Not all enslaved people could leave their farms and plantations. Often, when we talk about how African Americans aided the Union war effort, we think only about their participation in the Union Army. But that’s just part of the story. Enslaved people recognized that with the Civil War, the slave system was breaking down, and they took multiple actions to further destroy it. 

  • On plantations across the South, acts of rebellion by enslaved people made it difficult for the Confederacy to supply their troops on the front and the civilian population at home.
  • Enslaved people on the Confederate home front actively conspired against the Confederacy. McCurry reminds us that enslaved people often risked their own lives to provide valuable intelligence to the Union Army. They did things like giving Confederate positions to Union soldiers and telling them how many Confederate troops were waiting for them. They even provided cover for federal forces by leading them through swampy territories to surprise Confederates.
  • The Confederate military had to divert forces to patrol plantations while also trying to fight the war. McCurry notes the impact of this, saying: “The slaves determined war against their masters and their master states opened an internal front in the Confederate war and demanded the diversion of military resources to fight it.” 

Fleeing to Union lines, refusing to work, sabotaging the Confederate war effort — these actions point to numerous ways in which enslaved people affected the war effort and contributed to their own emancipation.

The Emancipation Narrative

While the end of slavery is recognized as a significant outcome of the Civil War, the emancipation narrative often neglects the role free and enslaved African Americans played in bringing about that end. It’s also important to consider our larger national story of emancipation. How do we represent it to ourselves as a nation and as a people?

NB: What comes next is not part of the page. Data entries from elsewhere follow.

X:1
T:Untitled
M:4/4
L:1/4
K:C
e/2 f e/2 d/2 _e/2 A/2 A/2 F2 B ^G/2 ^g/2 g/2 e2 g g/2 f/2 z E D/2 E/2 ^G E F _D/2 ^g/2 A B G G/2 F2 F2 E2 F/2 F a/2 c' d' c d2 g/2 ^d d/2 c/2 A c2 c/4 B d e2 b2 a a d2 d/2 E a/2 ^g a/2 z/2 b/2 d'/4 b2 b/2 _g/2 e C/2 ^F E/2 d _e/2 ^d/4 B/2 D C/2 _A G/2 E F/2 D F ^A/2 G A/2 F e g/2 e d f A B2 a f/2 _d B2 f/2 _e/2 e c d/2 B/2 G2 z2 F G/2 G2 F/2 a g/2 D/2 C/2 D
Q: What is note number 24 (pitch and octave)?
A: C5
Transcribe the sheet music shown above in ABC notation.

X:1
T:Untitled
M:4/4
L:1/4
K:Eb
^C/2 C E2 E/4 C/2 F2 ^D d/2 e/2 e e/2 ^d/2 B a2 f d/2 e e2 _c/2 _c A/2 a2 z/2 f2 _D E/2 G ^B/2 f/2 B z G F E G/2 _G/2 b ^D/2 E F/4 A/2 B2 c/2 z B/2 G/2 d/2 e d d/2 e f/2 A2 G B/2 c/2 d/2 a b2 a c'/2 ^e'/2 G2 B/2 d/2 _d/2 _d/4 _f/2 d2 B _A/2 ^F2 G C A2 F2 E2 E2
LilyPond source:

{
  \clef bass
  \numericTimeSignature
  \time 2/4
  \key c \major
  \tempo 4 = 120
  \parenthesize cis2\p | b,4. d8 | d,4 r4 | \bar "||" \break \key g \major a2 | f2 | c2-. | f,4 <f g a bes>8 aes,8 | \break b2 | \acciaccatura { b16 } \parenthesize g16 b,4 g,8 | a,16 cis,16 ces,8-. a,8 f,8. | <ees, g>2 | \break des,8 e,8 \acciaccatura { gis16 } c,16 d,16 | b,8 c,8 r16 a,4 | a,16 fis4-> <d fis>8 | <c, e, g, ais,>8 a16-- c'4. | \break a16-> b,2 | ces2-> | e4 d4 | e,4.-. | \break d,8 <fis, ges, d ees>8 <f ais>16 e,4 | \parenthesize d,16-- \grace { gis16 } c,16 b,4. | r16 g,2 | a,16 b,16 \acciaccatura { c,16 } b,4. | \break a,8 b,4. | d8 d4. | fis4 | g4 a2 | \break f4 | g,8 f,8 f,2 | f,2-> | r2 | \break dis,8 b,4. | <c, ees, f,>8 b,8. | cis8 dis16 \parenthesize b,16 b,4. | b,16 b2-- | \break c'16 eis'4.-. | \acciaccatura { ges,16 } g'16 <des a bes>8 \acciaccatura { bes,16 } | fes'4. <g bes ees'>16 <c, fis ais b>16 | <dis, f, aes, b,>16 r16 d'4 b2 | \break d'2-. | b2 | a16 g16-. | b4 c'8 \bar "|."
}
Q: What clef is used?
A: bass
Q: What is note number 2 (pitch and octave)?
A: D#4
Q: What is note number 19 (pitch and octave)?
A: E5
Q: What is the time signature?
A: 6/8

The famous Thomas Ball statue that’s entitled alternately Emancipation Memorial or Freedman’s Memorial is a good example of the narrative that depicts Lincoln as the “Great Emancipator,” the individual with all the power, taking action. But the more complex reality of this history shows how enslaved people were active in their emancipation.

It’s necessary to have these conversations, addressing the ways that we’ve either avoided or misrepresented our past, whether it’s done intentionally or just unthinkingly. The subject of slavery is not easy to talk about and involves complicated issues, but they’re not so complicated that we can’t deal with them historically. 

If we can deal with the historical complications of slavery, then we can also equip ourselves and young people to deal with the complicated impact that the history of slavery has had on our present-day life.

As a nation, we’ve allowed incomplete or confused narratives to play too much of a role in the way that we understand the Civil War and the end of slavery. We need to address this history because we’re living with the ramifications of our collective inaction over the past 150 years. We can’t have a productive conversation about removing Confederate statues if we don’t acknowledge what the Confederacy was about. 

Similarly, if we don’t acknowledge the massive impact slavery and enslaved people had on our past, we can’t see the impact that their legacies have had on our present. The first step toward righting the wrongs of today is getting the history right.